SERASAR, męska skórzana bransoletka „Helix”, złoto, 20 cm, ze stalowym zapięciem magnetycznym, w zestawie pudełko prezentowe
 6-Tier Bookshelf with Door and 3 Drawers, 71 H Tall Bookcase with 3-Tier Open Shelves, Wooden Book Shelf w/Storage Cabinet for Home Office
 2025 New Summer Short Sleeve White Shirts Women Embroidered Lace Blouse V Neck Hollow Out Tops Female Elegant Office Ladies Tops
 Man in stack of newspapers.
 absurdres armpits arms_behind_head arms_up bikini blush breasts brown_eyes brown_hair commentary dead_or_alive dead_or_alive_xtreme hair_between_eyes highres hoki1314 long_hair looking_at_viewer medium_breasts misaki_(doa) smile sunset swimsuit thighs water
---------------
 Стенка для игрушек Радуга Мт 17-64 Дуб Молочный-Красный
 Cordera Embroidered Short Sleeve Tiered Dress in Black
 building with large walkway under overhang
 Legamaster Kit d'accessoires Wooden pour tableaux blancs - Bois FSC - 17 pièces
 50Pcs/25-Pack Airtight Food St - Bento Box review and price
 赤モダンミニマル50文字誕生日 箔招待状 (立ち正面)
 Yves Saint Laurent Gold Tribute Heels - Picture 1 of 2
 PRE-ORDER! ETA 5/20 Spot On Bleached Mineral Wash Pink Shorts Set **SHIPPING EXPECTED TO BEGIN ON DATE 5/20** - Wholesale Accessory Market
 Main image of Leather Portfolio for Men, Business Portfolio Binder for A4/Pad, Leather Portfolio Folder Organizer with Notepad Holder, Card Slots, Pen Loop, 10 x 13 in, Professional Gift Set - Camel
---------------
What the task requires: Your task is to retype the entries verbatim, starting with the line that holds "50Pcs/25-Pack Airtight Food" and stopping after the line that holds "Main image of".

Answer box:
 50Pcs/25-Pack Airtight Food St - Bento Box review and price
 赤モダンミニマル50文字誕生日 箔招待状 (立ち正面)
 Yves Saint Laurent Gold Tribute Heels - Picture 1 of 2
 PRE-ORDER! ETA 5/20 Spot On Bleached Mineral Wash Pink Shorts Set **SHIPPING EXPECTED TO BEGIN ON DATE 5/20** - Wholesale Accessory Market
 Main image of Leather Portfolio for Men, Business Portfolio Binder for A4/Pad, Leather Portfolio Folder Organizer with Notepad Holder, Card Slots, Pen Loop, 10 x 13 in, Professional Gift Set - Camel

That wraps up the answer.